Reproduce from the records below, with no pictures, exactly the lines between the one containing "JValentine White Fur" and the one containing "Honeywell VM821Q1 AMR", inclusive.

# TASK INPUTS:
= = = = =

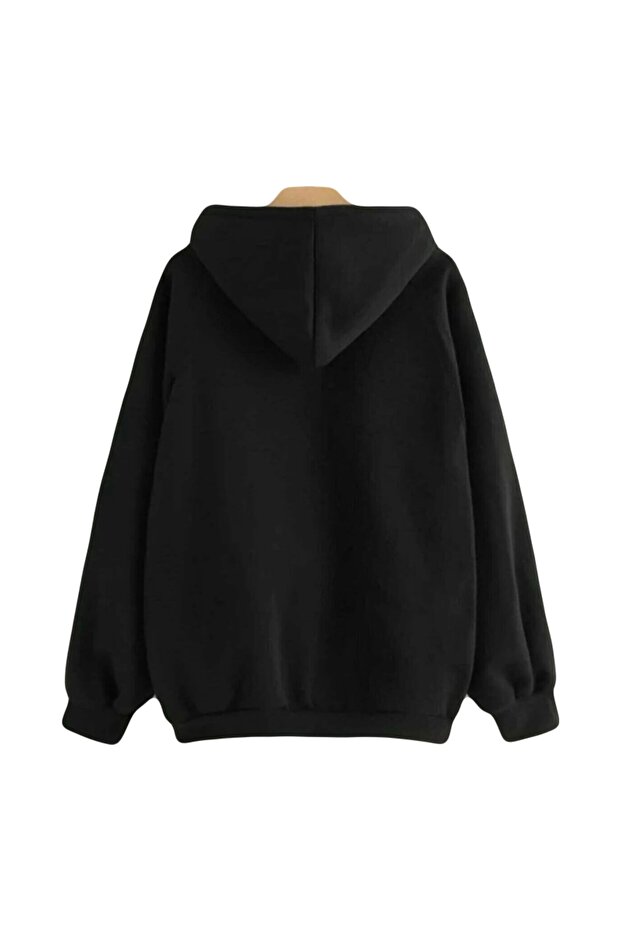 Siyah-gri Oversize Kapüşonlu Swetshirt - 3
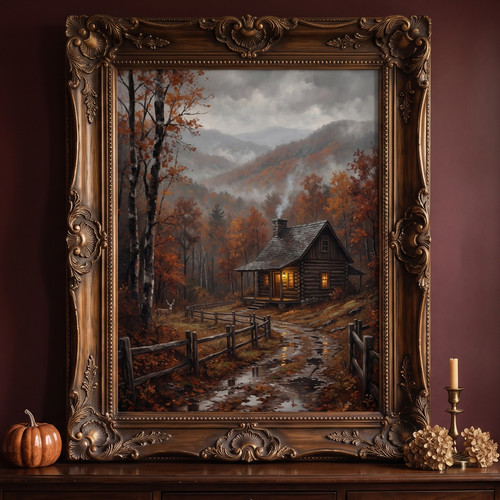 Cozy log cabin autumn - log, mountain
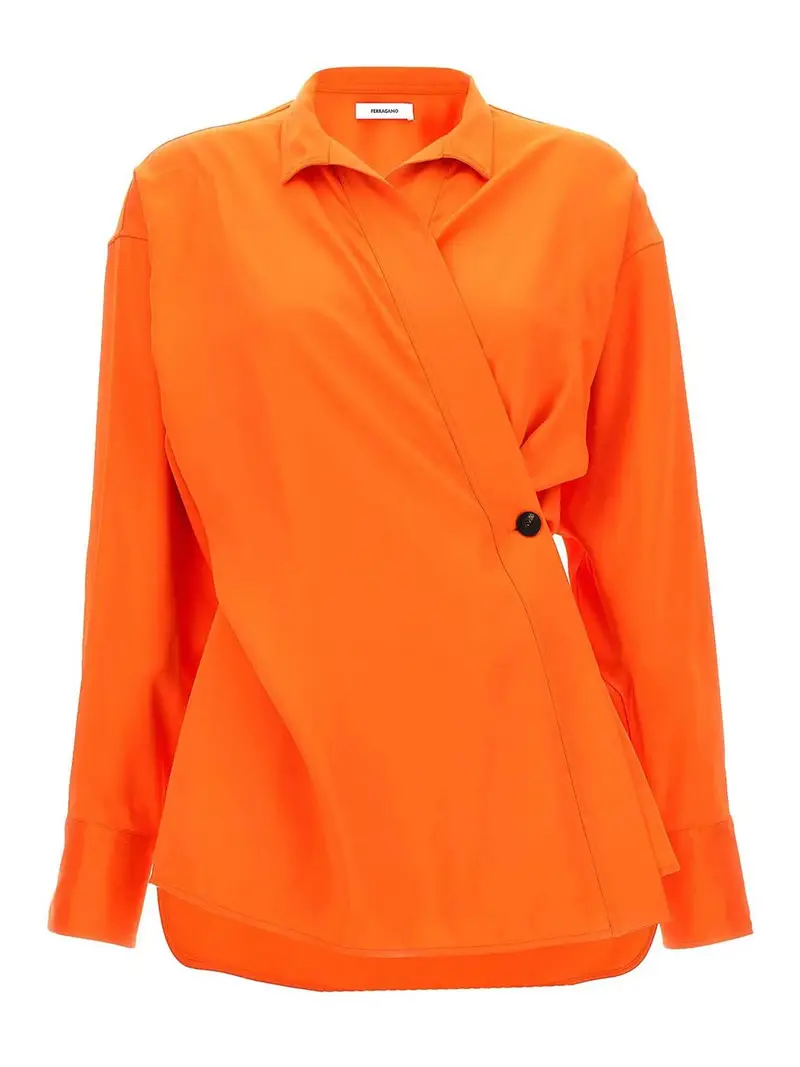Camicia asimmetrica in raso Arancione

= = = = =

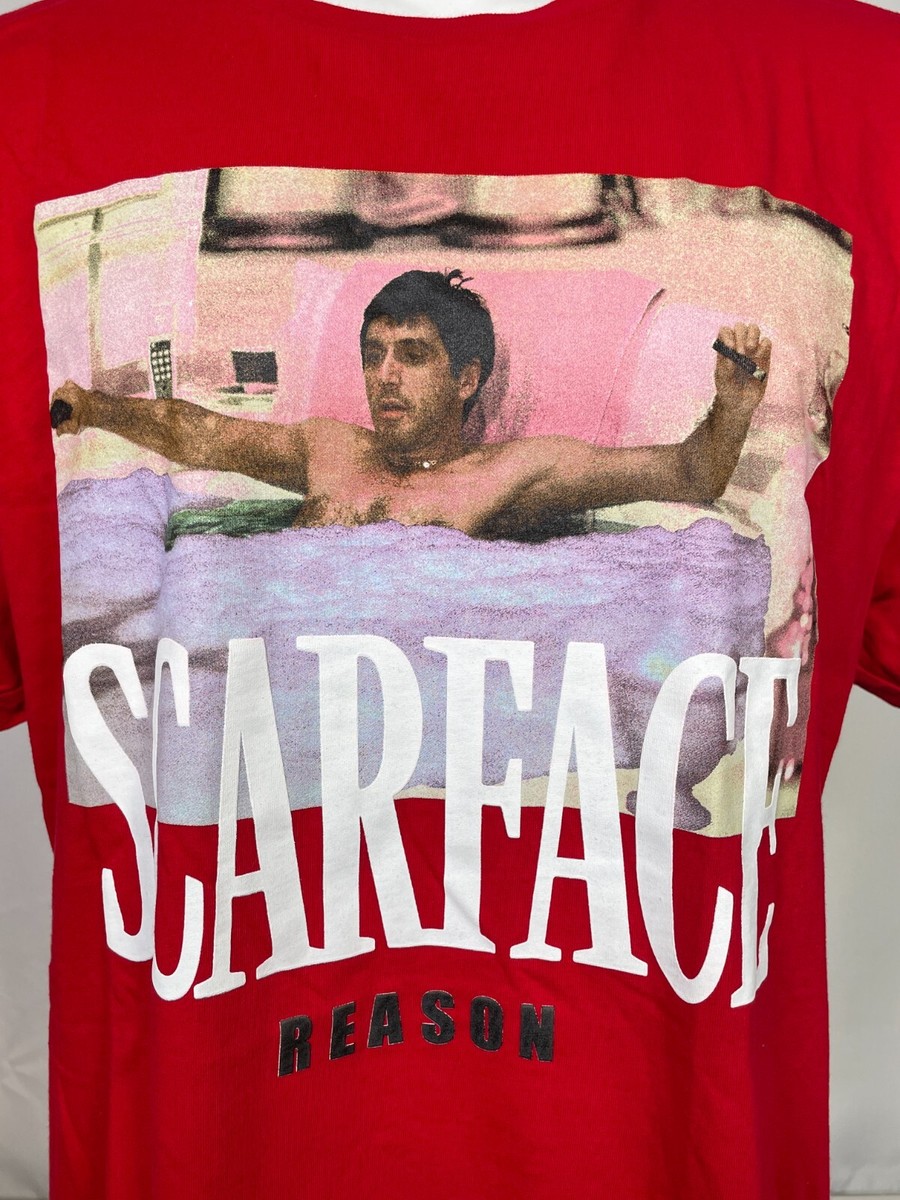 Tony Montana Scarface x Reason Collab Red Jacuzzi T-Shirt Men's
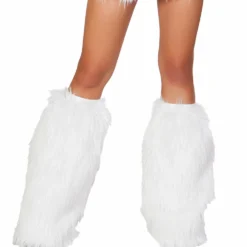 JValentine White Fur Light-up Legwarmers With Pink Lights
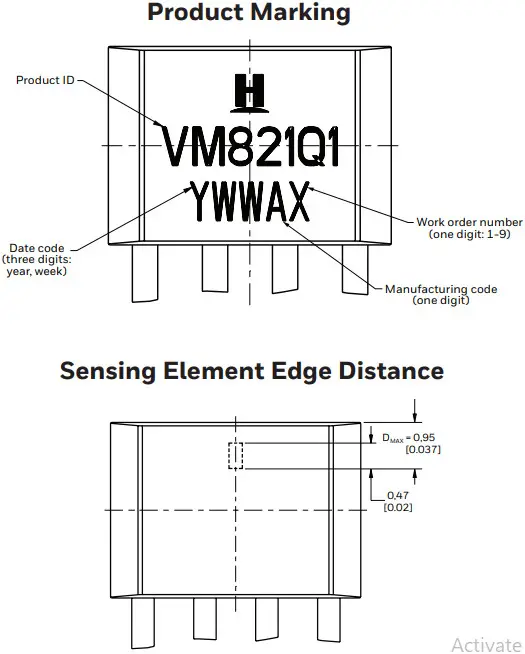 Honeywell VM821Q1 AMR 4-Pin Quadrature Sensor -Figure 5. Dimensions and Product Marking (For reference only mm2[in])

= = = = =

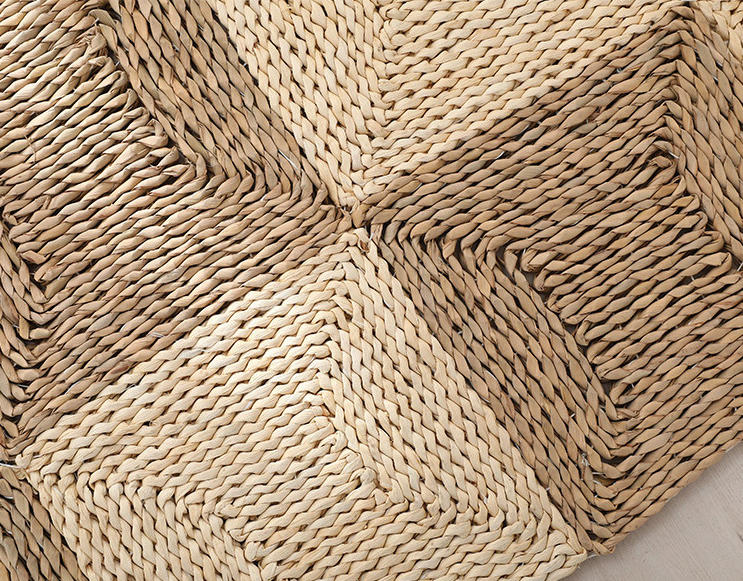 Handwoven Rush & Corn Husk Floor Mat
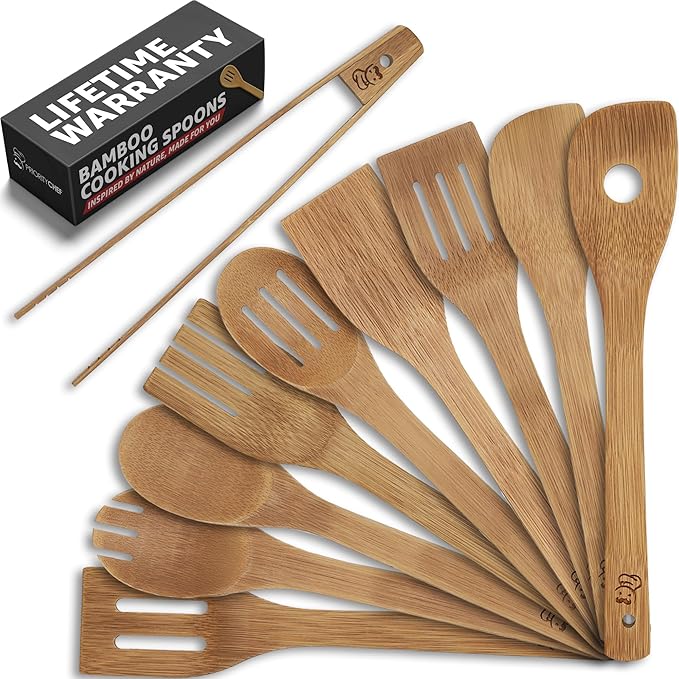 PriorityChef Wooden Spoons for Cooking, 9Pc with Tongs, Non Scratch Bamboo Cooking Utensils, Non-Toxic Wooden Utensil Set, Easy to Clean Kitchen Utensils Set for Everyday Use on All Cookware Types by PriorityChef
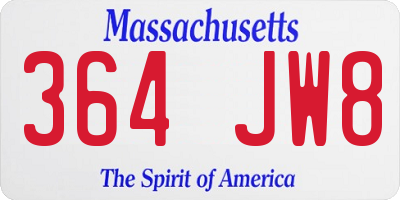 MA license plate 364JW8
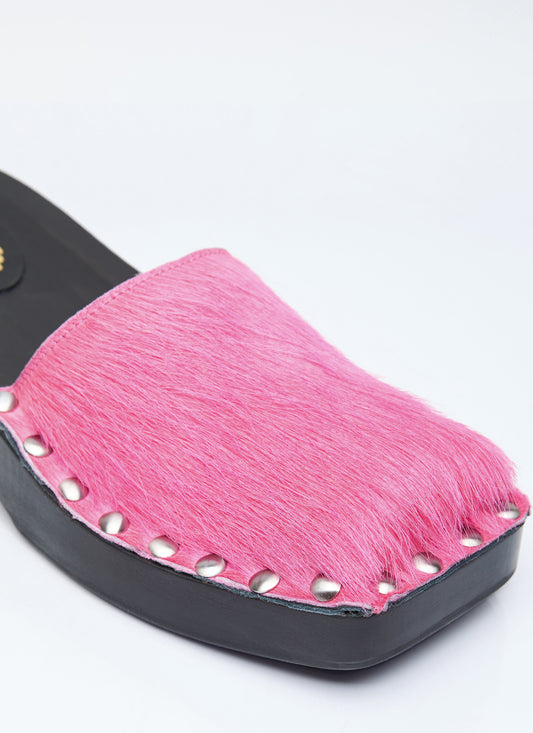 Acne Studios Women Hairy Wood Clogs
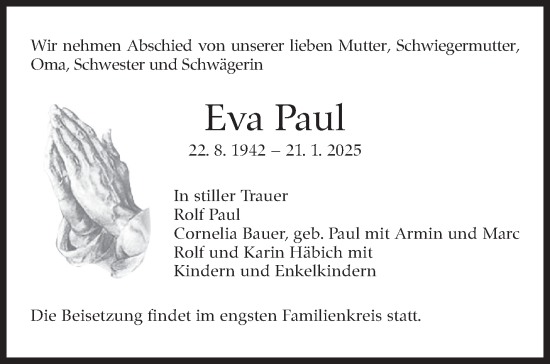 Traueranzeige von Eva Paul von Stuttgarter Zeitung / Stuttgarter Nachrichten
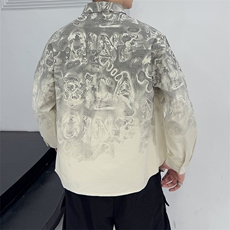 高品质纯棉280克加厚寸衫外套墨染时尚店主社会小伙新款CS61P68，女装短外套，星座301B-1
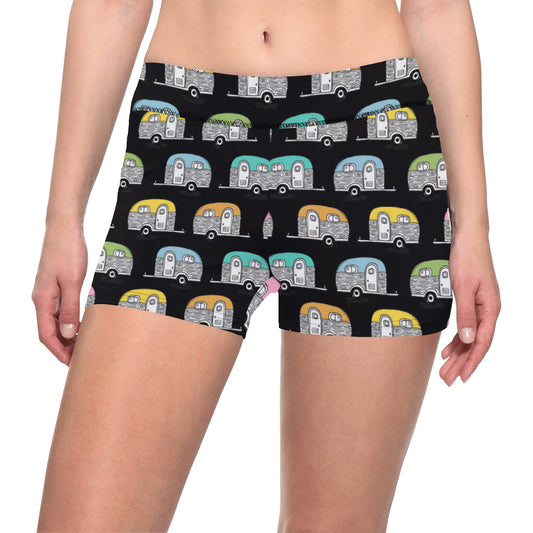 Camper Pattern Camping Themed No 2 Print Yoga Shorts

= = = = =

# FINISHED TASK:
 JValentine White Fur Light-up Legwarmers With Pink Lights
 Honeywell VM821Q1 AMR 4-Pin Quadrature Sensor -Figure 5. Dimensions and Product Marking (For reference only mm2[in])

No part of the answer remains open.